Loose at the top. Tight in the trenches
All the action from a compelling round 3
Images by Seb Schiek
And so Aaron Gwin puts a king size dent into the rim of 29" downhill bike sales and, after messing up whilst ahead on the clock in Fort William kicks the World Cup series wide open after the mountain gods stormed the opener in Lourdes.
It was never going to be the super close race that the commentary predicted, with the podium being separated by the same margin on this three minute track as it was on Fort Williams four minute thirty affair. The men's final here in Austria saw margins of four, seven and eight seconds between podium, top ten and top twenty respectively. Yes this was a way tighter race than last year (8/10/14secs) but nowhere near what was being predicted. Indeed this was something echoed in Fort William which saw the widest margins in thirteen years between first and twentieth.
But whilst there appears to be a widening gap between the top and the rest of the field world cup has always had rising and falling margins between the top and the rest of the field so this might simply be short term. However whilst the margins are loose at the top Leogang was a real dogfight between 10th and 70th.
The day was laced with drama. Not quite as heavy as Remi Thirion’s horrific crash in qualifiers but enough to make it edge of seat viewing. The ironic part about Leogang was that even though there was grumblings about the less than technical nature of the track, it made for compelling viewing with solid and diverse camera work in comparison with what was quite a dull british affair on live tv in comparison.

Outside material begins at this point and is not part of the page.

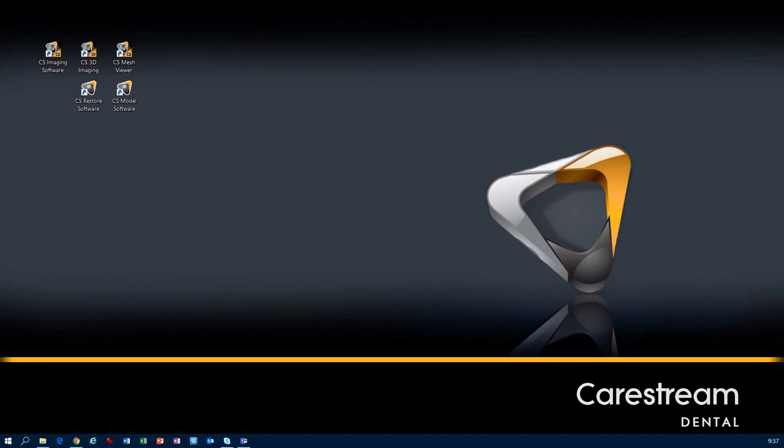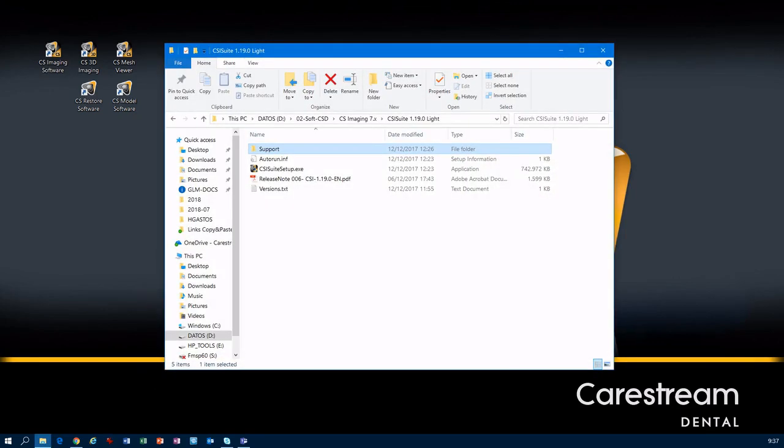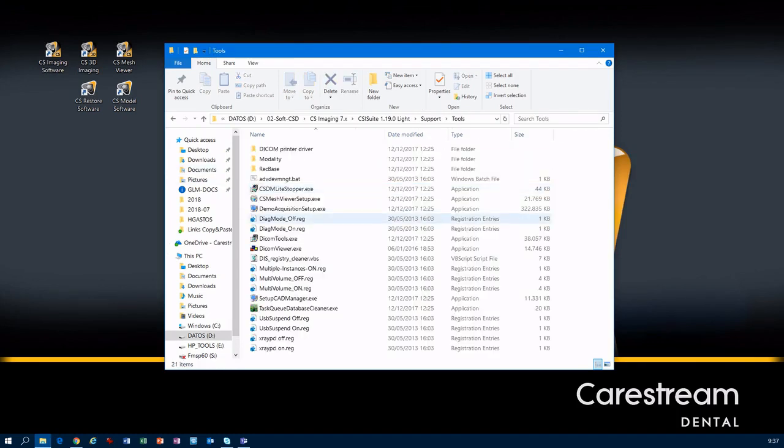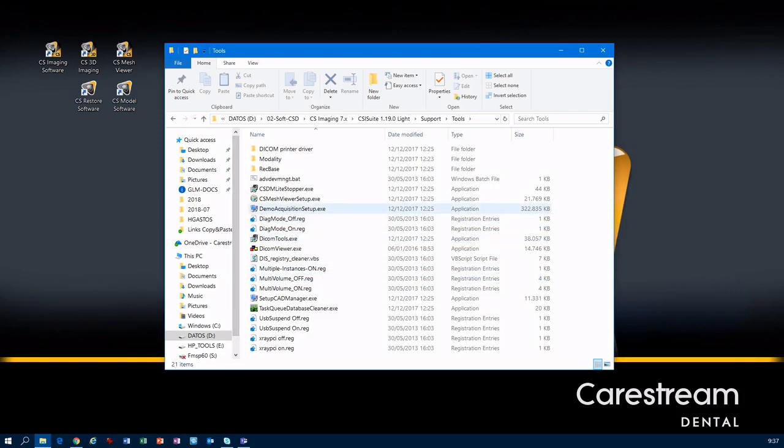To be successful, we have to access an old version of CS Imaging 7 DVD or installer. Open the folder, go to Support, go to Tools, and here we have the demo acquisition setup.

Tahnee Seagrave set everything alight with a win in the women's finals, her first ever after coming mightily close on so many occasions. The guys at Transition out in the Pacific North West will be celabrating this one for sure. The season ahead looks set to be a battle royale between Tahnee, Manon Carpenter, Myriam Nicole and Tracy Hannah the Fort William winner.
Leogang on screen certainly had more engagement than Danny Hart and Mark Wallace were having on the hill with the Mondraker and Canyon riders shedding chains near the top yet still putting in super fast times to the split. But the drama was unfolding nicely to this point – Jack Moir sliding out but getting ahead on time, Mick Hannah sweetly hitting the downslopes to put in a fast time marred by a puncture whilst Slovenian Jure Zabjek was still holding the hot seat.
Brits Bernard Kerr and Laurie Greenland were still in contention until the first of the Syndicate came swooping into the arena. Greg Minnaar’s run was less than clean but it was three seconds quicker than his qualifier and the first to beat Gwin’s qualifying stormer but when team mate Loris Vergier pulled six seconds on his Saturday result it seemed Gwin would have a major task on his hands. The American responded in the manner of which you’d expect a man who has won four world cup titles to do. Attack.
Walker, Edwards, Seagrave and Breeden made sure it was a top six stacked full of Brits in junior men but this was a major win for Finn Isles over two seconds up on Fort William victor Matt Walker. Trek proved Kade Edwards was a good signing with a solid third and Kaos Seagrave showing its not just the Atherton’s who are a family force. Must be the mid wales water.